The whole should be wrapped within some <div>'s, showing article title,
author, date etc.

Now I've written some small piece of XSL:
=====
<xsl:stylesheet version="1.0"
xmlns:xsl="http://www.w3.org/1999/XSL/Transform">
<xsl:output method="xml" omit-xml-declaration="yes"/>
<xsl:strip-space elements="*"/>

<!-- title becomes h3 -->
<xsl:template match="title">
<h3><xsl:apply-templates/></h3>
</xsl:template>

<!-- blockquote gets visible citation -->
<xsl:template match="blockquote">
<xsl:element name="blockquote">
<xsl:attribute name="cite">
<xsl:value-of select="@cite"/>
</xsl:attribute>
<div class="text"><xsl:apply-templates/></div>
<div class="cite">
<xsl:element name="a">
<xsl:attribute name="href">
<xsl:value-of select="@cite"/>
</xsl:attribute>
<xsl:value-of select="@cite"/>
</xsl:element>
</div>
</xsl:element>
</xsl:template>

<!-- a, em, img, p, tt go through unchanged -->
<xsl:template match="a|em|img|p|tt">
<xsl:copy>
<xsl:apply-templates select="@*|node()"/>
</xsl:copy>
</xsl:template>

<!-- the complete head is stripped out -->
<xsl:template match="head">
</xsl:template>
</xsl:stylesheet>
=====
And I'm right now extracting article titles etc. manually from the perl
code, and calling the xsl only on the body element.

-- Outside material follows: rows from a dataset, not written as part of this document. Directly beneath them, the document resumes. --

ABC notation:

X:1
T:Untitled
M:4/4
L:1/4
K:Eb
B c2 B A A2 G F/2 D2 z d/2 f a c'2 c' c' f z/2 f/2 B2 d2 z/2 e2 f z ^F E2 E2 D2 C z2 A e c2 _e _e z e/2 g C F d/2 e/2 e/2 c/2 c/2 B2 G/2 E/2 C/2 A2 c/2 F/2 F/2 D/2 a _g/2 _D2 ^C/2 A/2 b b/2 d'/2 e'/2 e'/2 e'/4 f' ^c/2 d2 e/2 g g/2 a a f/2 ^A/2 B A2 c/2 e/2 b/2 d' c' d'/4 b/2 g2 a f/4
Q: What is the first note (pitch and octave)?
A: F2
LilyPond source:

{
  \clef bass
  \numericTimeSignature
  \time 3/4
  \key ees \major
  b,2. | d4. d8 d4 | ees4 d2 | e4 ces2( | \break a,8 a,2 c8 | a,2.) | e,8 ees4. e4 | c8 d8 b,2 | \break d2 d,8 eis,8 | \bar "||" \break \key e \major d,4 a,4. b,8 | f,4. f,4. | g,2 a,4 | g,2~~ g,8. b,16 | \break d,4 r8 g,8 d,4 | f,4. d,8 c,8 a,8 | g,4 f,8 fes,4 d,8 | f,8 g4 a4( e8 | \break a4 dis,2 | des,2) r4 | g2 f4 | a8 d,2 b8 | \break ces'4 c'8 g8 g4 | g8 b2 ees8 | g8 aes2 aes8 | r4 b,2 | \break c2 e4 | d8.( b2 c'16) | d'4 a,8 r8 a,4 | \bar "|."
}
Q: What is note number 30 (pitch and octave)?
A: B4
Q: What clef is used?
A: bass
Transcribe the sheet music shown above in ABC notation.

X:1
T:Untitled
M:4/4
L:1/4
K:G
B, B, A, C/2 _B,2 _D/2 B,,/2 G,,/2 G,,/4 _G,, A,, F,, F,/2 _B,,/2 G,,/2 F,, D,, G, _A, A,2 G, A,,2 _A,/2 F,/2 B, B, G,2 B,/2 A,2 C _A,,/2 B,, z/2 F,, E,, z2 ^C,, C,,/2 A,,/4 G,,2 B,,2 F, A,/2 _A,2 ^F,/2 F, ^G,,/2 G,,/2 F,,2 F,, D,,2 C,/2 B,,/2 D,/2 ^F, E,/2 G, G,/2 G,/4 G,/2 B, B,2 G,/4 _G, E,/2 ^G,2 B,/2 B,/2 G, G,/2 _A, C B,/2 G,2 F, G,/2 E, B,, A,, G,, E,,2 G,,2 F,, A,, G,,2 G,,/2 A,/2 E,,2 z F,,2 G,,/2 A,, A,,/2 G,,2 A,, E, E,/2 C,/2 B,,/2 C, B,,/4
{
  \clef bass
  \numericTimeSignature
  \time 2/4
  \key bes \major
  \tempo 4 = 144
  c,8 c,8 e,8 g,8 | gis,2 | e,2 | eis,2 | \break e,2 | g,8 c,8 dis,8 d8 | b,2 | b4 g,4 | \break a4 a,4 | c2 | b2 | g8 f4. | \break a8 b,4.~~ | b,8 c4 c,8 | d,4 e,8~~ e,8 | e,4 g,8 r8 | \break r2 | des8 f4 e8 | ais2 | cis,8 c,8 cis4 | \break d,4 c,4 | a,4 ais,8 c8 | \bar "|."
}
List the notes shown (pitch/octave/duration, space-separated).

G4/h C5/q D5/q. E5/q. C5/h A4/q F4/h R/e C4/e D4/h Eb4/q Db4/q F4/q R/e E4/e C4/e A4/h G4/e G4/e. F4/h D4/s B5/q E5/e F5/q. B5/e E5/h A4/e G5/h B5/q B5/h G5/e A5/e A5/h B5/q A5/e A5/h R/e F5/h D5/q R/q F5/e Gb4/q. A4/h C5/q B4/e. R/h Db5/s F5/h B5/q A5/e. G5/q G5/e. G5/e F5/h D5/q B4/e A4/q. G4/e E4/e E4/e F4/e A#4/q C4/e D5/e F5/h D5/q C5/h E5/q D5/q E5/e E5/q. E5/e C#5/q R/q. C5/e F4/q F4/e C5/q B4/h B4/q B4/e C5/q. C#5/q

But this is not
really what I want... The point where I'm stuck is with the rules
which part of the xsl is called at which point on which part of the xml
file. And also: I'll certainly need to filter the img and a tags,
because I *only* want to allow the attributes I've talked about above.
(OTOH this is already taken care of by the DTD, so maybe I just won't
care.)

Pointers welcome, but most of the tutorials I've found so far stopped
where things got really interesting. Or maybe I just looked at the
problem from the wrong angle...

anyway, thanks in advance
- -- vbi
- --
Today is Prickle-Prickle, the 26th day of Discord in the YOLD 3172

-----BEGIN PGP SIGNATURE-----
Version: GnuPG v1.4.1 (GNU/Linux)
Comment: get my key from http://fortytwo.ch/gpg/92082481

iKcEARECAGcFAkQ4zdRgGmh0dHA6Ly9mb3J0eXR3by5jaC9sZW dhbC9ncGcvZW1h
aWwuMjAwMjA4MjI/dmVyc2lvbj0xLjUmbWQ1c3VtPTVkZmY4NjhkMTE4NDMyNzYw
NzFiMjVlYjcwMDZkYTNlAAoJEIukMYvlp/fW834Anjg2J24MXgq/pitFzwHh9wPr
6q8NAKDCeA4etmeGEunQye/BAqQbj17n+w==
=2/6v
-----END PGP SIGNATURE-----
Apr 9 '06 #1
4 1373


Adrian von Bidder wrote:
The point where I'm stuck is with the rules
which part of the xsl is called at which point on which part of the xml
file.
Well first of all if you want HTML output then use
<xsl:output method="html" />
(unless you would create a complete HTML document and had a result html
root element).
As for the rules processing starts at the root node, looks for a
template and takes it from there. There are built in templates which
simply recursively process child nodes.
If you want to control that you can do e.g.
<xsl:template match="article">
and in the template process the nodes you want to process e.g.
<xsl:apply-templates select="head" />
<xsl:apply-templates select="body" />
</xsl:template>
Of course you can put in literal result elements (e.g. div) anywhere in
the template too.
And also: I'll certainly need to filter the img and a tags,
because I *only* want to allow the attributes I've talked about above.


Example
<xsl:template match="img">
<xsl:copy>
<xsl:apply-templates select="@alt | @src" />
</xsl:copy>
</xsl:template>
(Then you need a template for attributes to copy themselves.)

<xsl:template match="a">
<xsl:copy>
<xsl:apply-templates select="@href | node()" />
</xsl:copy>
</xsl:template>
--

Martin Honnen
http://JavaScript.FAQTs.com/
Apr 9 '06 #2
Adrian von Bidder wrote:
And I'm right now extracting article titles etc. manually from the perl
code, and calling the xsl only on the body element. But this is not
really what I want...
Define a template that matches "/" (the root of the document), and begin
processing from there ... for example, by invoking apply-templates
selecting //body, if that's what you want. (The root template is
generally also responsible for producing the root element of the output
document - the <html> element in this case.)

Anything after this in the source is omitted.